----- Recorded data -----

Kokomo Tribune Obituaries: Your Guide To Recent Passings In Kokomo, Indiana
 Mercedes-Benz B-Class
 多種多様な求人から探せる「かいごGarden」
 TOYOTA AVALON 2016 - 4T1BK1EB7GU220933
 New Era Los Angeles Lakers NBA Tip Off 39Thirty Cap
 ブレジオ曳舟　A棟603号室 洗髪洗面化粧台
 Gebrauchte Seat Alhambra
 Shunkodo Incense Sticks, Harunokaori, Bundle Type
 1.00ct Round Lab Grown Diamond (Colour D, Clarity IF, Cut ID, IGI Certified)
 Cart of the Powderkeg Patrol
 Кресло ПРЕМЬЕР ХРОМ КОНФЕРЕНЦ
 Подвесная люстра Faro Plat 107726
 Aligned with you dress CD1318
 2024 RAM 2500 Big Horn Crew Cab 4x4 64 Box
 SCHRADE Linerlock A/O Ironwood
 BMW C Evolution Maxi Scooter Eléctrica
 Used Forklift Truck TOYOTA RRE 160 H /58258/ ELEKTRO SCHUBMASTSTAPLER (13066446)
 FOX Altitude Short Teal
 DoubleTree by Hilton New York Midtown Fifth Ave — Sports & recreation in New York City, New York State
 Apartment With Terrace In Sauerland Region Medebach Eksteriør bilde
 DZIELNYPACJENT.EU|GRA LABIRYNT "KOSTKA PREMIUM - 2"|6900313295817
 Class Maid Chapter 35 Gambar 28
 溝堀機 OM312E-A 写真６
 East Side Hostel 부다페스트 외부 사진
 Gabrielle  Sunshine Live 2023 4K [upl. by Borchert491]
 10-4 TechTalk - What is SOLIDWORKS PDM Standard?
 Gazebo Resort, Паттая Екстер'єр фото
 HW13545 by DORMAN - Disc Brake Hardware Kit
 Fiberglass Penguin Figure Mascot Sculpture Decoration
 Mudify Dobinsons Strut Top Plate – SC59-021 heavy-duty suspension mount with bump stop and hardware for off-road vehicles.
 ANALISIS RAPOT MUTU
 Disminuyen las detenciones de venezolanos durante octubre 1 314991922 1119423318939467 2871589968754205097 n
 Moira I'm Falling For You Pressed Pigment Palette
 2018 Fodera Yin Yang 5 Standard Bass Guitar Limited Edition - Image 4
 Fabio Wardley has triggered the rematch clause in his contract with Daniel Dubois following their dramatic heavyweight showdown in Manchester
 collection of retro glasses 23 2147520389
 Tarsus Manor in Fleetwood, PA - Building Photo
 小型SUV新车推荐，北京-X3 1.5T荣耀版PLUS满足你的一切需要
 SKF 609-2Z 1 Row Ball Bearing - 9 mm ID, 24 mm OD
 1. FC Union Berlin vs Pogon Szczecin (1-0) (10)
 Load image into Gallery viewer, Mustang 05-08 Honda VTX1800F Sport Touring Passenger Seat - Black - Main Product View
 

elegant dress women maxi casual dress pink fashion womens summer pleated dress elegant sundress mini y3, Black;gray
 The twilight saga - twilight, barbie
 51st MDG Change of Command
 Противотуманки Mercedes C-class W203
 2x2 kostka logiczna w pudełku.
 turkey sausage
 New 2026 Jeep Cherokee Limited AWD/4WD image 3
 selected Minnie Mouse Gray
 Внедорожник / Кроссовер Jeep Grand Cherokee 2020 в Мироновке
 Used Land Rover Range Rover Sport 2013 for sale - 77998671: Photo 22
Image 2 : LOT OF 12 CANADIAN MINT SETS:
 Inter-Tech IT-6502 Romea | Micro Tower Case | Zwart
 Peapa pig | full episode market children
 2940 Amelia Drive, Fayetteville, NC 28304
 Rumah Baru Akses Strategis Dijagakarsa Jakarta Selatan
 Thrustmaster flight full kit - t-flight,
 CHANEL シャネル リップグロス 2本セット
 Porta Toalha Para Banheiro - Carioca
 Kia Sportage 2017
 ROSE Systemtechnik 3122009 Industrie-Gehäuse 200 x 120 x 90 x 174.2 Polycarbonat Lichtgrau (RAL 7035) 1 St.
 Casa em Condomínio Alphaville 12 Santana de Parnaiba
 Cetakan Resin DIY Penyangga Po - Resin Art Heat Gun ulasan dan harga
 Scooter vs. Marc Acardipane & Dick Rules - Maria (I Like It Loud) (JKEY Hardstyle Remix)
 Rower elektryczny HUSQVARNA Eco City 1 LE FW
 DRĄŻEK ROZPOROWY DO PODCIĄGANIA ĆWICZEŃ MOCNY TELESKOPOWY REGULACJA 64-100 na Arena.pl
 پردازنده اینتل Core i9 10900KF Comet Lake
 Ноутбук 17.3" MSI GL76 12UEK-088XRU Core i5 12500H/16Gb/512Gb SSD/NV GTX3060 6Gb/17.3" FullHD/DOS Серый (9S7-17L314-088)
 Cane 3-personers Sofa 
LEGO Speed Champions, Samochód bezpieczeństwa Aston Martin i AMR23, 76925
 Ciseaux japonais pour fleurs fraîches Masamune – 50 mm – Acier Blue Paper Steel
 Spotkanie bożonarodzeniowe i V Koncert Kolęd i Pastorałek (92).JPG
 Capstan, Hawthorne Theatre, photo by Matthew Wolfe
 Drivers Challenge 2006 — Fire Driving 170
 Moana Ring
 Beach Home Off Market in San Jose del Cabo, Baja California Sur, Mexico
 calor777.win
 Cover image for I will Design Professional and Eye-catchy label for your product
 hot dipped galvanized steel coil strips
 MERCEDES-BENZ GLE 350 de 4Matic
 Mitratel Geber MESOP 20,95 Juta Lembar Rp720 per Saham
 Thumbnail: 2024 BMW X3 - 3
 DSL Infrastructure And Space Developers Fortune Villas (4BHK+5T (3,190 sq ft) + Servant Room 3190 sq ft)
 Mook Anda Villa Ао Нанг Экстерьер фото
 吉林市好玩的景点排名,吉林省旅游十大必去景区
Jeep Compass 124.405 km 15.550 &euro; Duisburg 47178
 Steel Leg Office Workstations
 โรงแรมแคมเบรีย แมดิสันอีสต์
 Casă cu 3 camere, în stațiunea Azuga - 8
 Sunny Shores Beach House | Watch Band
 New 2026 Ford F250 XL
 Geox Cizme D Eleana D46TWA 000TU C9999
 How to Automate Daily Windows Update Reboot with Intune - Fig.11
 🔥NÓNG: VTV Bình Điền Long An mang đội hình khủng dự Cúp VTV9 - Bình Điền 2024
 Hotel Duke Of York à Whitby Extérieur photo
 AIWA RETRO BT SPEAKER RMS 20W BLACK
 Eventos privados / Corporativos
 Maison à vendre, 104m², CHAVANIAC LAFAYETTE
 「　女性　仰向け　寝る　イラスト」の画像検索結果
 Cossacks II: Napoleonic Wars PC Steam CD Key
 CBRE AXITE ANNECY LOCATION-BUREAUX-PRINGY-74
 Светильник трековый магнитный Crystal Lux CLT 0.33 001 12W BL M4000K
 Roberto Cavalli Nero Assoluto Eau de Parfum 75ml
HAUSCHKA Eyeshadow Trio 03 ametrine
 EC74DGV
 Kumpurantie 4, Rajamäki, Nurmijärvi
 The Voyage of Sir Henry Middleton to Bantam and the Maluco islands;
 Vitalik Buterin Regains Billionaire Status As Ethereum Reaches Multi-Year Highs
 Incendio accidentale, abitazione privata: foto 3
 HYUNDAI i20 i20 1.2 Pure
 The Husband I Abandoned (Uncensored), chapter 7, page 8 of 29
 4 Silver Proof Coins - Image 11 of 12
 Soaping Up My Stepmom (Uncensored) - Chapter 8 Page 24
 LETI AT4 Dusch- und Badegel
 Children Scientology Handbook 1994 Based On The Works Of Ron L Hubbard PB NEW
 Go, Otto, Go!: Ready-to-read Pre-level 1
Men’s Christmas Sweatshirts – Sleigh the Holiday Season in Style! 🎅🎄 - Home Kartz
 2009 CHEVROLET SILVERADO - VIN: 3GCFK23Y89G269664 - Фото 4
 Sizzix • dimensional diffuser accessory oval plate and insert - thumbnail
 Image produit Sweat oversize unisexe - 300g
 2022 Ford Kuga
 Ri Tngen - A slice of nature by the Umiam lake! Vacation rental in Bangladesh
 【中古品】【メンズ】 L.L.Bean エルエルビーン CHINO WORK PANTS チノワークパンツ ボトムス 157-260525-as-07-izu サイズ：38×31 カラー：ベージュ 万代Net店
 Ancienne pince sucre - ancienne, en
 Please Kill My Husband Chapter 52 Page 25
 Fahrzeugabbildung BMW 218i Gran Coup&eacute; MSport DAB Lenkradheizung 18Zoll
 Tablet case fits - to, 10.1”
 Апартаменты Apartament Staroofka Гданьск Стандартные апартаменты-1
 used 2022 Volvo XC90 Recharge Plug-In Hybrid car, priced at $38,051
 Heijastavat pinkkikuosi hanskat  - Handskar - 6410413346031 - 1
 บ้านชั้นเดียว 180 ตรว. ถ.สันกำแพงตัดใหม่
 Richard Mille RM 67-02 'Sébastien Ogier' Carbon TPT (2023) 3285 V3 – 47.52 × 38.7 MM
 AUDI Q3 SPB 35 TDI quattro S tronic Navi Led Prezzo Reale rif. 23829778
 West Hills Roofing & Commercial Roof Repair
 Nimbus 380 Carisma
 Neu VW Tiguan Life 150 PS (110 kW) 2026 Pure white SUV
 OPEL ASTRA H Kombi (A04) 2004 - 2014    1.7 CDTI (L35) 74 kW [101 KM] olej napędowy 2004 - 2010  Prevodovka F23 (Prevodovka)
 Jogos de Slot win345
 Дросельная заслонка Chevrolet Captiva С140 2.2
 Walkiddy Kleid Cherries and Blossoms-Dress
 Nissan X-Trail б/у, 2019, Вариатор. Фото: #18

-----

> Exercise:
Please output an exact copy of the lines above, from the opening line of the data down to the line that contains "BMW C Evolution Maxi Scooter Eléctrica".

> Task answer:
Kokomo Tribune Obituaries: Your Guide To Recent Passings In Kokomo, Indiana
 Mercedes-Benz B-Class
 多種多様な求人から探せる「かいごGarden」
 TOYOTA AVALON 2016 - 4T1BK1EB7GU220933
 New Era Los Angeles Lakers NBA Tip Off 39Thirty Cap
 ブレジオ曳舟　A棟603号室 洗髪洗面化粧台
 Gebrauchte Seat Alhambra
 Shunkodo Incense Sticks, Harunokaori, Bundle Type
 1.00ct Round Lab Grown Diamond (Colour D, Clarity IF, Cut ID, IGI Certified)
 Cart of the Powderkeg Patrol
 Кресло ПРЕМЬЕР ХРОМ КОНФЕРЕНЦ
 Подвесная люстра Faro Plat 107726
 Aligned with you dress CD1318
 2024 RAM 2500 Big Horn Crew Cab 4x4 64 Box
 SCHRADE Linerlock A/O Ironwood
 BMW C Evolution Maxi Scooter Eléctrica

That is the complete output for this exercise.